Le Parti conservateur du Québec
Ce parti, depuis sa fondation en 2009, n’a jamais réussi à dépasser 1,5 % des votes. Il a connu une popularité inattendue avec l’arrivée d’Éric Duhaime à sa direction et est crédité de 15 à 20 % des intentions de vote dans les sondages. C’est le parti le plus à droite de l’échiquier politique du Québec préconisant une baisse d’impôts des particuliers et une réduction de la taille de l’État. Il a adopté un programme de 88 pages, les 20 et 21 novembre 2021. Parmi ses propositions phares, nous en avons retenu deux : l’introduction du privé dans le système de santé et celle d’un système de concurrence pour le financement des écoles. Il n’y a aucune proposition de changements des institutions politiques du Québec.
Québec solidaire
D’entrée de jeu, ce parti nous prévient que son programme ne dit pas ce qu’il entend faire s’il prend le pouvoir : « Rappelons qu’un programme est une vision à long terme et non un plan d’action ni un engagement à court terme. Il ne s’agit donc pas de la plateforme électorale qui, elle, affirme les engagements de Québec solidaire pour les quatre années à venir. » QS peut donc se replier sur des positions socialement plus acceptables durant la campagne électorale pour ne pas effaroucher les électeurs avec les positions radicales inscrites par ses militants dans son programme. Ainsi on peut parler de socialisme ou d’indépendance dans le programme sans avoir à défendre ces idées sur la place publique durant la campagne électorale. C’est sans doute une forme avancée de populisme qui cache les objectifs fondamentaux sous un épais manteau de propositions à court terme qui visent à séduire une large base électorale. Mais comme les engagements ne sont dévoilés qu’en campagne électorale, nous devons nous fier à son programme de 93 pages pour les fins de notre enquête.
Deux chapitres sont consacrés aux changements institutionnels : celui sur la démocratie et celui sur la souveraineté. Notons que ce programme date, il n’a pas été actualisé, car on y propose de tenir les élections à date fixe (p. 56) ce qui est déjà un acquis de la démocratie québécoise. Par ailleurs, QS propose de changer le mode de scrutin uninominal à un tour pour un mode de scrutin mixte avec compensatoire qui introduit la proportionnelle. « Ce nouveau mode de scrutin permettra l’élection de 60 % de la députation selon le mode actuel (uninominal à un tour) et les autres 40 % selon les résultats proportionnels des différents partis politiques au niveau national qui auront recueilli au moins 2 % des voix totales. » On propose aussi une décentralisation démocratique sur la base des communautés territoriales, mais l’architecture de ce niveau de gouvernance régionale reste floue. QS s’engage aussi à reconnaître la souveraineté des peuples autochtones sur les territoires qu’ils habitent. On reste vague toutefois sur les modalités d’exercice de ce droit à l’autodétermination.

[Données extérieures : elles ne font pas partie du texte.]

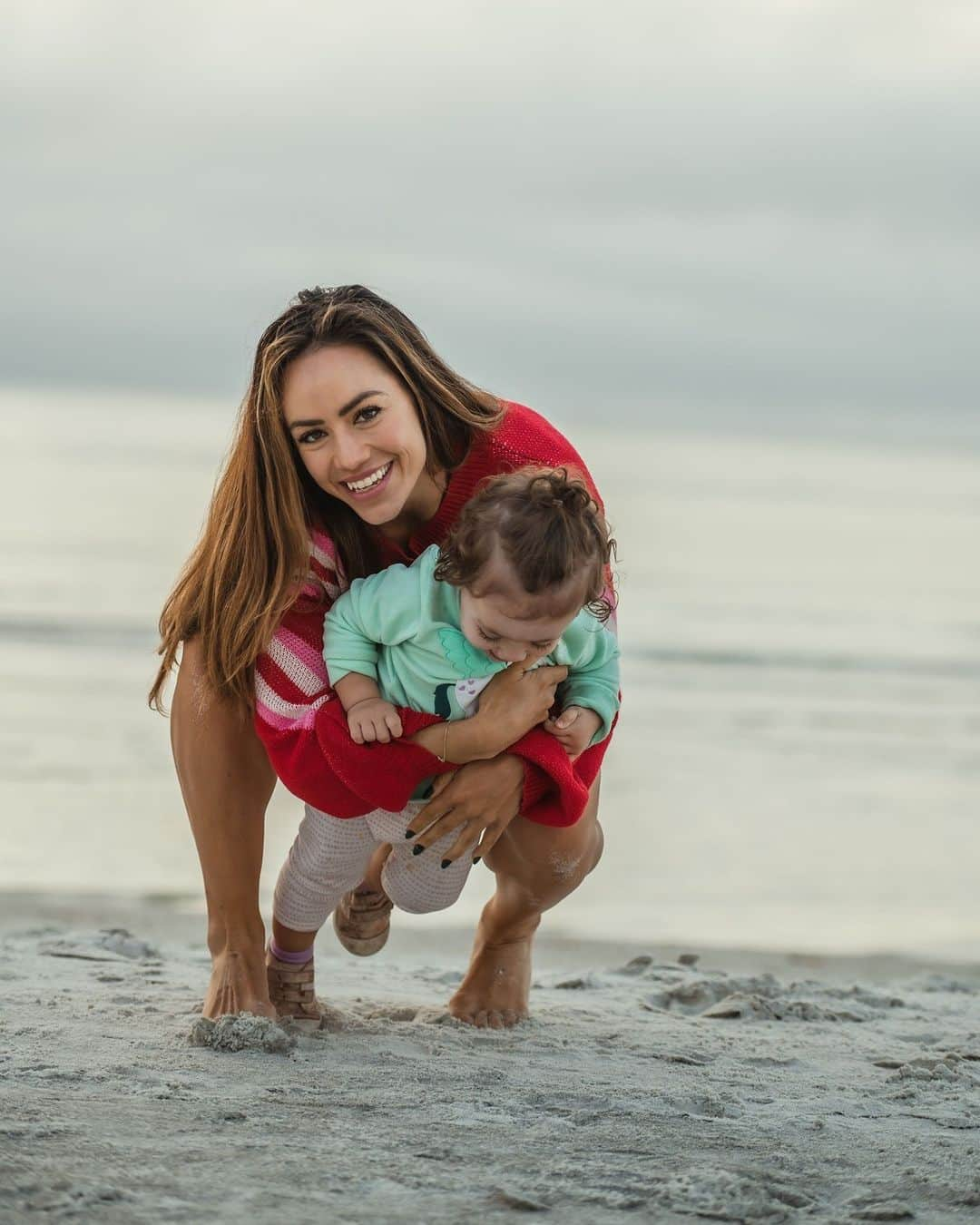 Camille Leblanc-Bazinetさんのインスタグラム写真 - (Camille Leblanc-BazinetInstagram)「Happy Labor day!  This day is for all the American Worker. Thank you to everyone who puts the hard work day-in and day out to contribute to this beautiful country. You are seen and you are appreciated. I hope you enjoy this long weekend   As a thank you we are offering 50% off : ✅4 weeks abs program ✅4 weeks shoulder program ✅4 weeks abs program ❤️use code : LABORDAY  And we are kicking off our September DAILY ABS CHALLENGE! For only $10/month, you get:  ✅5 days a week ✅10 min daily abs workout  As a mom and a business owner myself, I understand that a day off from school doesn't really mean a day off for us. It means planning ahead to spend quality time with our children, waking up before they do to get some work and training done, hustling during nap time to clean the house, meal prep, and do more work, and staying up late to finish the day's tasks. It's a never-ending cycle, but it's worth it.  Let's use this day to reflect on our hard work, spend time with our loved ones, and also take a moment for ourselves. Remember, self-care is not selfish, it's necessary.  Wishing everyone a restful and rewarding Labor Day! 💪🇺🇸✨  #LaborDay #AmericanWorker #MomHustle #SelfCare」9月4日 17時00分 - camillelbaz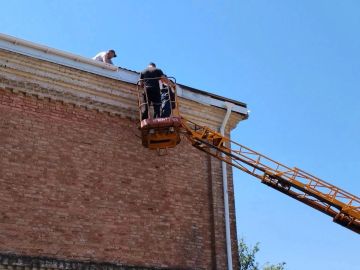 Пензенские специалисты помогли исправить неполадки в водосточной системе школы села Григорьевка Пологовского округа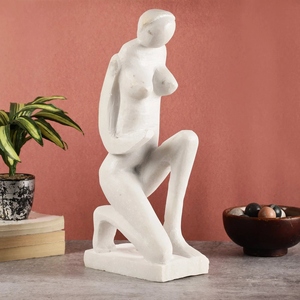Escultura Figurativa Femenina Moderna de Mármol, Tallada a Mano, Decoración Artística para Mesa, Diseño Extravagante, Patrón Geométrico Abstracto - Product Image 3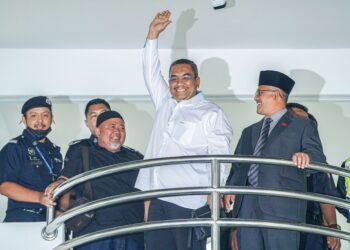 MUHAMMAD Sanusi Md. Nor dihadapkan ke Mahkamah Sesyen Selayang pada 18 Julai lalu kerana didakwa melakukan perbuatan yang mengandungi kecenderungan menghasut. – UTUSAN/FARIZ RUSADIO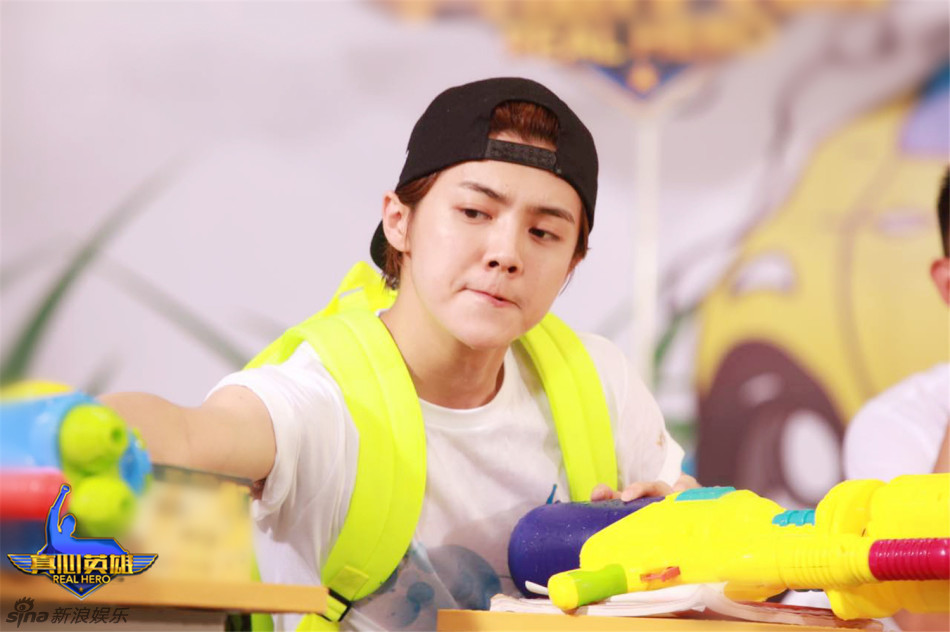 《真心英雄》鹿晗现身 游戏湿身惹热议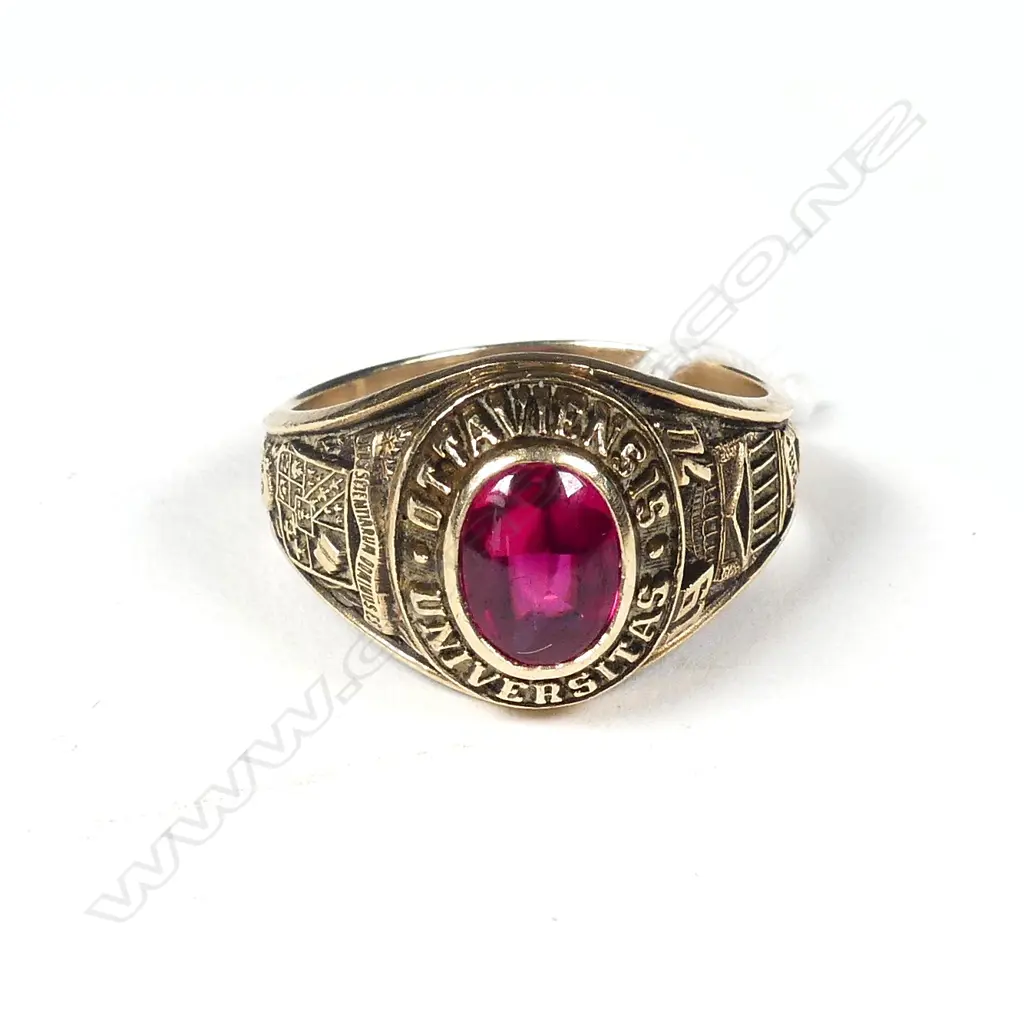 10CT GOLD & RED STONE RING, UK SIZE O, TOTAL WEIGHT 7GM -  University of Ottawa Class Ring 1970 Image 1++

Le changement institutionnel le plus important qui suivra l’élection du QS sera la convocation d’une assemblée constituante pour définir le projet de pays. (article 9,3,1) : « Un gouvernement solidaire proposera dans les plus brefs délais l’adoption d’une loi sur l’Assemblée constituante définissant son mandat, sa composition et sa démarche… Celle-ci aura pour mandat d’élaborer un projet de constitution d’un Québec indépendant, spécifiant les valeurs, les droits et les principes sur lesquels doit reposer la vie commune, ainsi que les institutions, les pouvoirs, les responsabilités et les ressources qui leur sont délégués. » (p. 90) Si cette démarche était mise en œuvre il en découlerait des « gestes d’affirmation » pour ne pas parler de gestes de rupture avec le Canada, comme l’adoption d’une loi-cadre qui remplacerait la constitution canadienne, l’abolition du poste de lieutenant-gouverneur, la perception de toutes les taxes et tous les impôts par le gouvernement du Québec.
On ne précise pas toutefois si l’accession à l’indépendance se fera dans un premier mandat. Mais on peut en douter puisqu’on explique curieusement que la période de transition sera consacrée au ralliement de la « gauche continentale » au processus constituant comme si implicitement on admettait une forme de souveraineté-association avec une improbable gauche canadienne au pouvoir ; mais on est avare de précision sur la suite des choses si cette gauche ne consent pas à l’accession à la souveraineté du Québec comme si on acceptait que le Québec ne soit pas entièrement libre de ses choix.
Le Parti québécois
Prendre connaissance du programme du Parti québécois n’est pas une mince affaire. Ce parti qui était reconnu auparavant pour avoir le programme le plus élaboré et qui a connu des batailles épiques à ses congrès pour fixer les orientations de son programme semble avoir rompu avec sa tradition. Au moment de rédiger ce texte autour du 15 août, le site web, qui est habituellement la voie royale pour savoir ce que pense un parti, ne contient pas de programme, sauf une rubrique intitulée : « La santé à votre portée », document fouillé de 28 pages. Lorsque j’ai googlé et cliqué sur l’onglet « programme », je suis arrivé à une page blanche. Un peu décourageant, je dois l’avouer. Et pourtant, on nous invite à fréquenter ce site pour découvrir la plateforme, les candidats et le chef. Nouveau mystère de la communication politique où il faut creuser profond pour trouver les idées essentielles.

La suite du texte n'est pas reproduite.